Ready for the new Ben Carson?

In shaking up his leadership team last week, Ben Carson has begun changing before our eyes from the consummate political outsider — a soft-spoken neurosurgeon making his first run for any public office — to a savvier, more outspoken political leader willing to mix it up in the coming Republican primary bloodbath.

And not a moment too soon, if he wants to make it to the White House.

Carson has reached that tricky moment in politics when critics of the status quo must decide if they want to remain on the outside permanently or take a chance by leaping into the messy, pulsating center of politics, where doing what it takes to win can mean discarding old allies and adopting a new playbook.

For most of 2015, Carson was running an impressive insurgent campaign, raising more than $30 million in the first nine months of 2015 and $23 million in the last quarter, outpacing Sen. Ted Cruz and other political veterans. Carson has been a fiercely vocal critic of politics-as-usual — the hollow speeches, broken promises and hostile press — but he’s learning that you can’t break all the rules of the game and still expect to win.

As Bill Clinton is fond of saying: you can take the politics out of a lot of things, but you can’t take the politics out of politics.

The rise of Donald Trump has made clear that many Republican voters crave red meat from their political leaders, heavy doses of bluster, posturing and threats that seem a world away from Carson’s quiet, self-assured charisma.

And while Carson expresses confidence about his ability to master new topics quickly, recent terrorist attacks drew heavy public attention to issues of defense and foreign policy where he has little experience.

To make matters worse, these challenges emerged amid campaign infighting that sometimes spilled into public view. Carson, who wants to lead the nation, had to show he could lead his campaign through his rough patch, and began making moves.

He allowed two high political veterans, Barry Bennett and Doug Watts, to resign as campaign manager and communications director, respectively, and is responding to concerns about his grasp of defense and foreign policy matters by naming Gen.

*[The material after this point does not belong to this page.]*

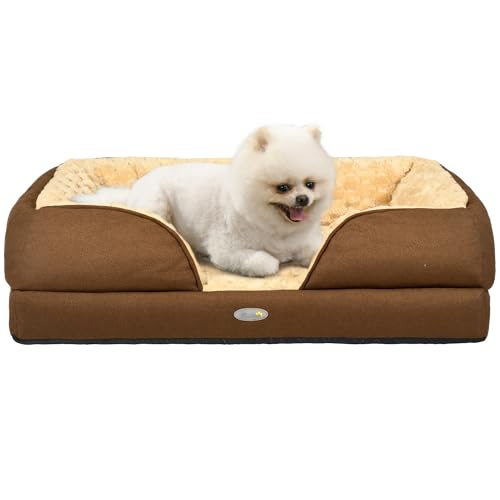 PawHut Hundebett Beruhigendes Haustierbett Hundematratze für kleine Hunde - Braun von PawHut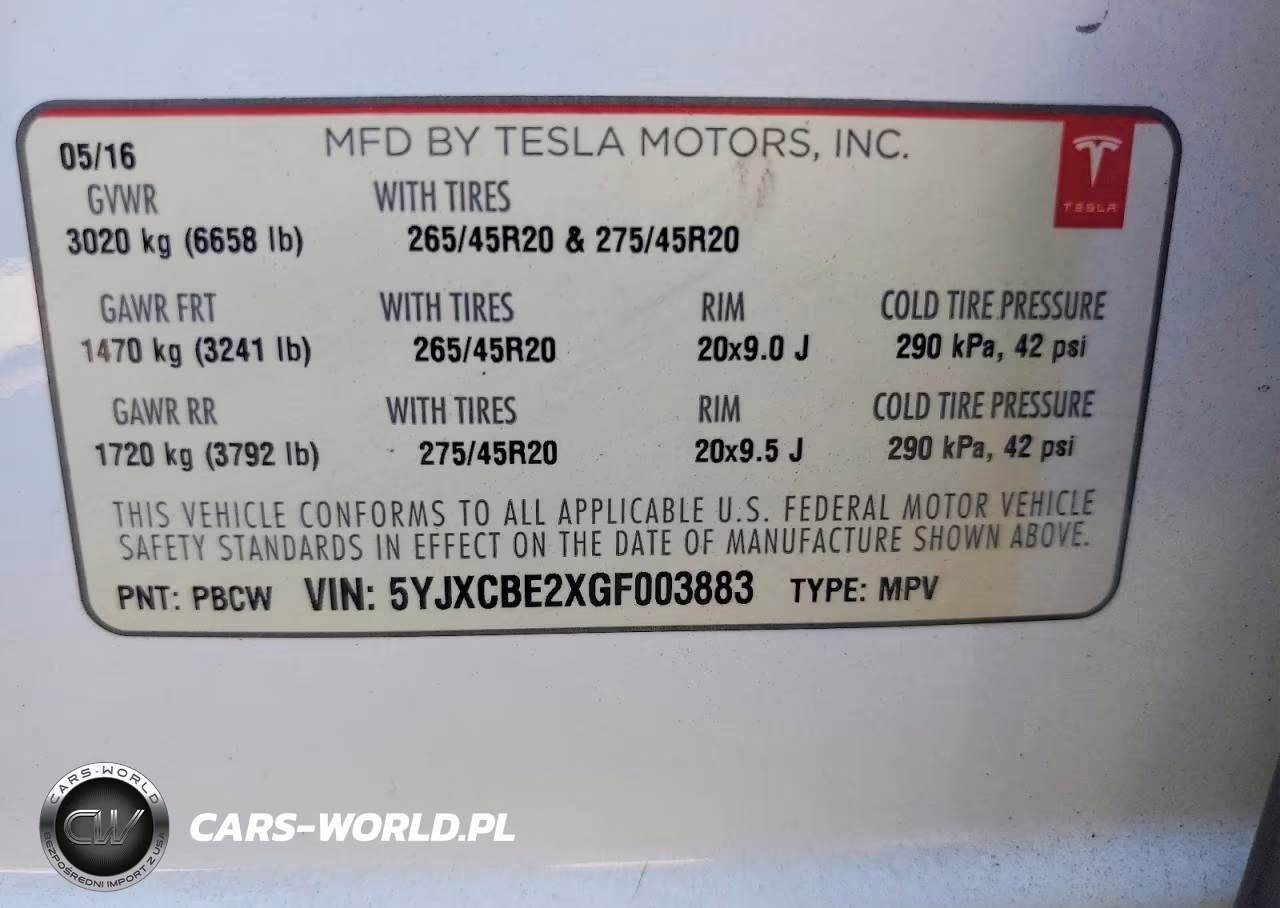 2016 Tesla Model X VIN:5YJXCBE2XGF003883 - 13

Robert Dees (ret.), a former top Pentagon official, as his campaign chairman.

Carson is expected to trade in his modest, soft-spoken speeches for a more firm, authoritative tone in the weeks ahead, according to his friend and adviser Armstrong Williams, an entrepreneur and longtime Washington power-broker.

All the changes appear to be driven by political necessity: He fell from 28% in the polls to under 10% in the last two months — a drop that leaves him in fourth place behind Trump and Sens. Ted Cruz and Marco Rubio.

Conventional political wisdom hold that any GOP candidate, to remain viable, must rank among the top three finishers in the opening trio of presidential primary contests in February — the Iowa Caucuses and the primaries in New Hampshire and South Carolina. The viable candidates will then square off in a sprawling 12-state free-for-all on Super Tuesday, March 1.

By ditching his campaign manager and communications director, Carson is preparing for an all-out battle to snag third place or better in Iowa, where he was leading all candidates, including Donald Trump, as recently as November 4. To get there, Carson is expected to offer pointed criticism of Sen. Ted Cruz, who has enjoyed rising numbers in preference polls and appears to be cutting into Carson’s support among evangelical Christian leaders and voters.

The Carson field operation in Iowa, which surprised much of the political world by quietly organizing, using Facebook and other social media, is now focused on converting the campaign’s supporters into active caucus-goers.

Carson also intends to make the top three in South Carolina, where at least one poll had him leading all candidates in early November. He’ll get a considerable amount of help from his adviser Williams, a South Carolina native who once worked for the late Sen. Strom Thurmond.

So look for the new Ben Carson at the next two Republican presidential debates, scheduled for January 14 in South Carolina and January 28 in Iowa. We’ll see if the quiet doctor has completed the metamorphosis from quiet outsider to forceful contender.